Hinds: FUL audit was needed despite inconvenience

Minister of National Security Fitzgerald Hinds. Photo by Jeff Mayers
Minister of National Security Fitzgerald Hinds. Photo by Jeff Mayers

NATIONAL Security Minister Fitzgerald Hinds on Tuesday defended the temporary suspension of the issuance of various permits to use firearms by saying "the bigger picture" demanded an audit into suspicious activity surrounding this.

He was in the Senate replying to a listed question from Opposition Senator Wade Mark who asked about remedying of the challenges faced by security officers to obtain their firearm user's employee's certificates.

While the Firearms Act allows an applicant for a firearm user's licence (FUL) to first be awarded a provisional licence and then an FUL (section 16), it also allows an FUL holder to apply for a

firearm user’s employee's certificate on behalf of someone else doing business for the holder with the holder's firearm (section 18).

Hinds said, "According to information received from the Commissioner of Police, the operations of the Firearms Section of the TT police service were suspended in September 2021 as a result of an audit and criminal investigation being conducted by the financial investigation branch of the TT police service, Criminal Investigations Department (CID) of the TT police service and the Professional Standards Bureau, which looks after internal serious allegations, of the TT police service.

"Notwithstanding this, on completion of some aspects of these inquiries, the supplemental section of the (firearms) unit was reopened for business in February 2022. In this regard, applications for firearm user’s employee's certificate that do not fall within the area of suspicious transaction are currently being reviewed for prompt processing."

Mark asked if Hinds knew that challenges to get firearm user’s employee's certificates were impeding the provision of top-class security services to clients.

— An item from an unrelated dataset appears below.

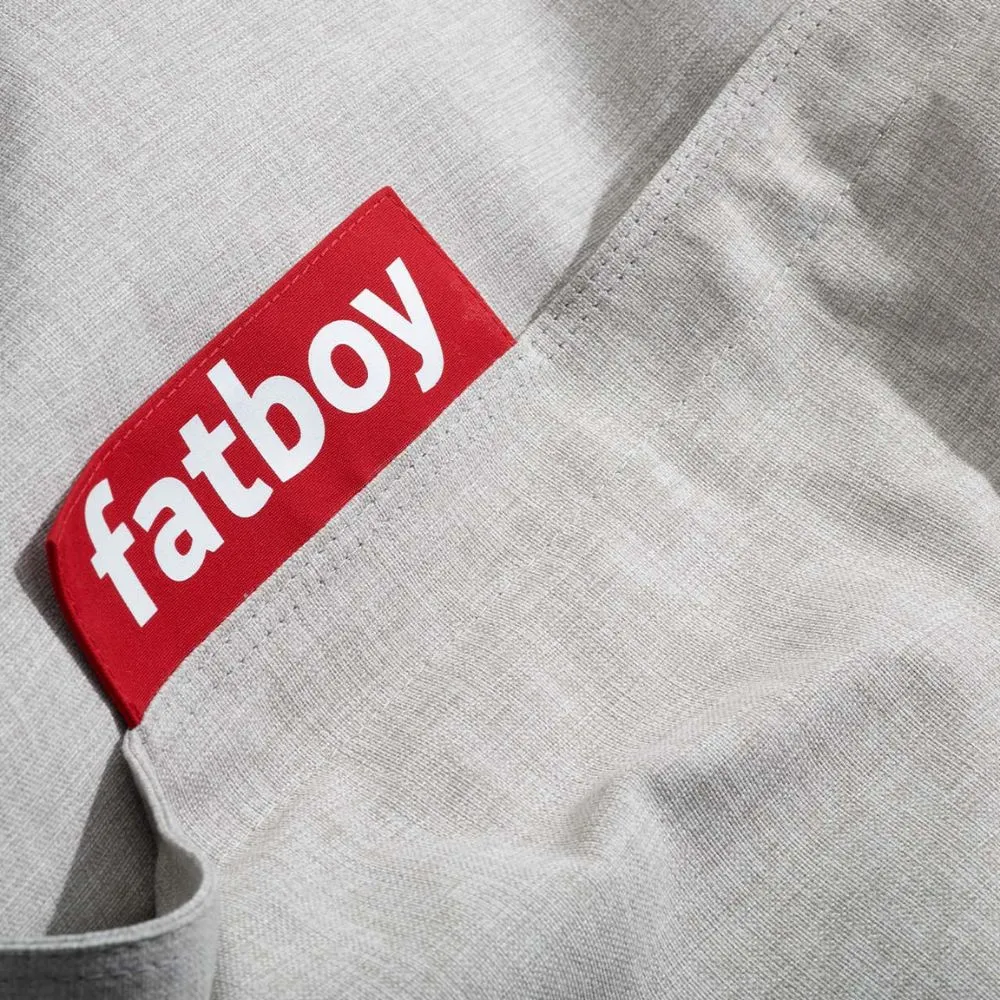 Fatboy Original Outdoor Bean Bag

Hinds replied, "The grant and processing of those grants of firearm user’s licences and all the other permits and licences within the ambit of the Firearms Act of TT do have economic and financial implications.

"But the audit of which I spoke was absolutely necessary, as a tremendous amount of suspicious financial activity surrounded it.

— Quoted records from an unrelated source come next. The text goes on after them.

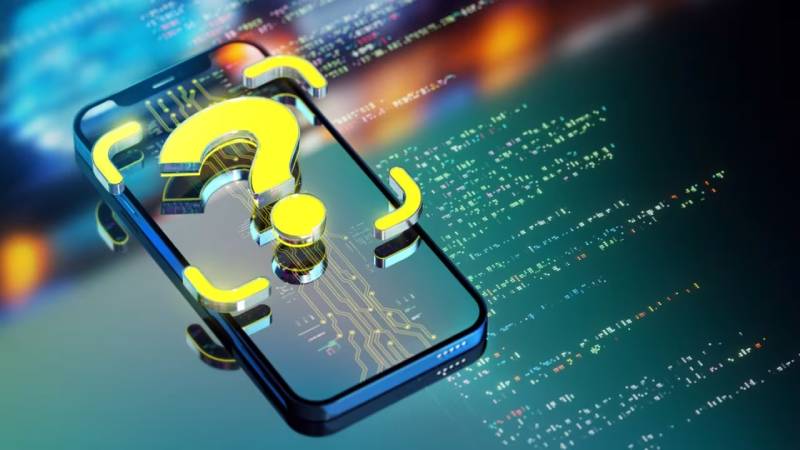 徐水县企业AI应用落地:核心策略与实战路径全解析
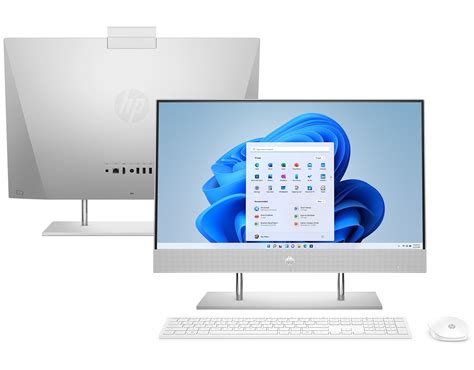 Hp All In One 24 Dp 製品詳細 デスクトップパソコン 日本hp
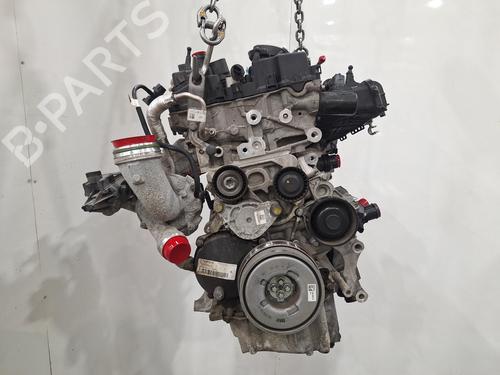 Motor MINI MINI (F56) Cooper | BP29237527M1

"As a consequence it became necessary to implement the audit and the series of investigations that I have properly and truthfully described.

"That was necessary, and notwithstanding the inconveniences that such suspension might have caused, the bigger picture was the possibility of crime and criminality in respect of the firearms regime (which) required and continues to require the attention of law enforcement and is of concern to all the people of TT."

Mark asked about any time frame for addressing a backlog of applications for firearm user’s employee's certificates, but Senate vice president Dr Muhammad Yunus disallowed the question.

Last November Hinds announced the audit, after an investigation by retired judge Justice Stanley John, which itself followed a probe by retired ACP Arthur Barrington and retired chief of defence staff Haydn Pritchard. The current audit is being done by a team which includes retired ACP Virgil Wellington, retired ACP Raymond Craig and Insp Leonard Charles.

Meanwhile, the Police Complaints Authority (PCA) is also investigating the grant of firearm permits.